The Four Reconciliation Methods

The four reconciliation methods differ in where they anchor the forecast and how much information they draw on.

Top-down starts at the aggregate level and pushes forecasts downward using historical proportions. It is simple, stable, and computationally cheap, but it tends to miss local patterns at the bottom level since all the signal comes from the total. When bottom-level series are unreliable or highly volatile, this is often the safest starting point.

Bottom-up goes the opposite direction: models are fit at the most disaggregated level and summed upward. This works well when individual series are reliable and carry meaningful signal, but noisy bottom-level data compounds errors as you aggregate. It is the default recommendation when confidence in detailed-level data is high.

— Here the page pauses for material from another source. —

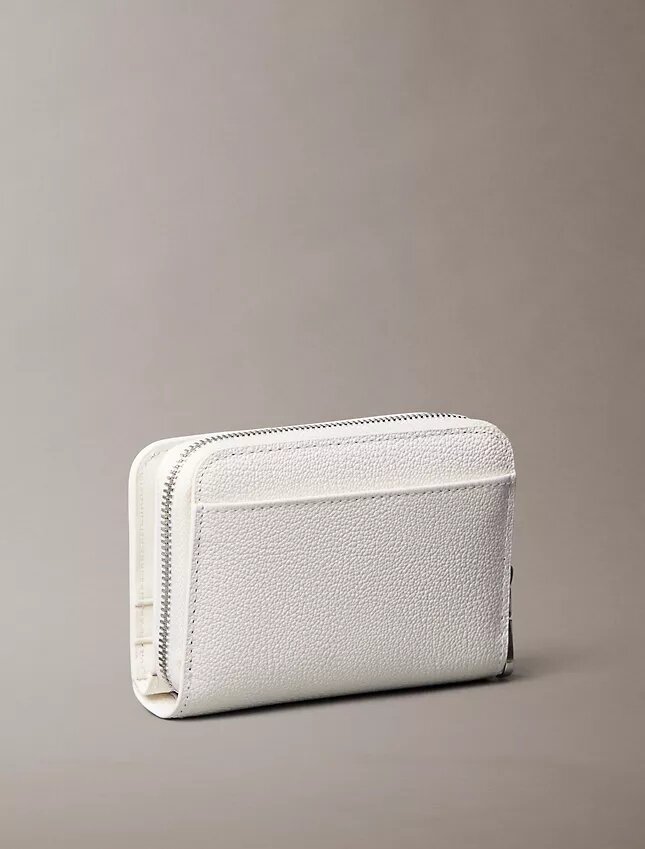 Minimal Monogram Zip Flap Wallet Minimal Monogram Zip Flap Wallet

Middle-out picks an intermediate level as the anchor, forecasts there, then aggregates up and disaggregates down. It is a practical compromise when the middle level — often a business-meaningful grouping like sectors or regions — carries the most stable and interpretable signal. It avoids the full volatility of the bottom while still capturing more granularity than the total alone.

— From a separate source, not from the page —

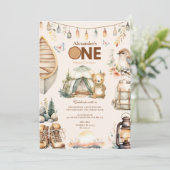 ボホワンハッピーキャンパー1st誕生日パーティー 招待状 (スタンド正面)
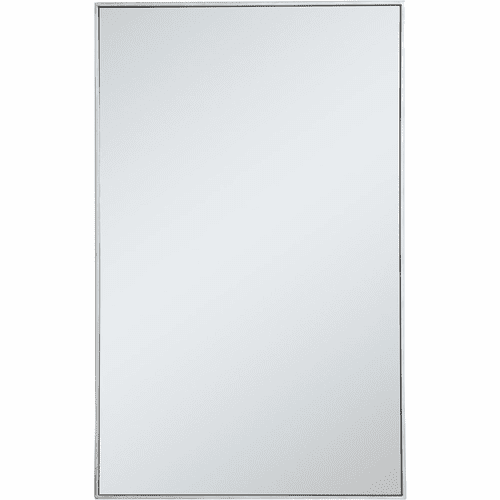 Elegant Monet Metal Frame Rectangle Mirror 30" - Silver - MR43048S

MinT (Minimum Trace) is the most theoretically rigorous method. It fits models at all levels simultaneously and uses the full covariance structure of forecast errors across the hierarchy to produce optimally adjusted forecasts. In large hierarchies where accuracy matters, MinT typically outperforms the others. However, it requires a well-estimated error covariance matrix and gets computationally expensive as the hierarchy grows. In small datasets, that estimation can be unstable, and simpler methods sometimes outperform it in practice.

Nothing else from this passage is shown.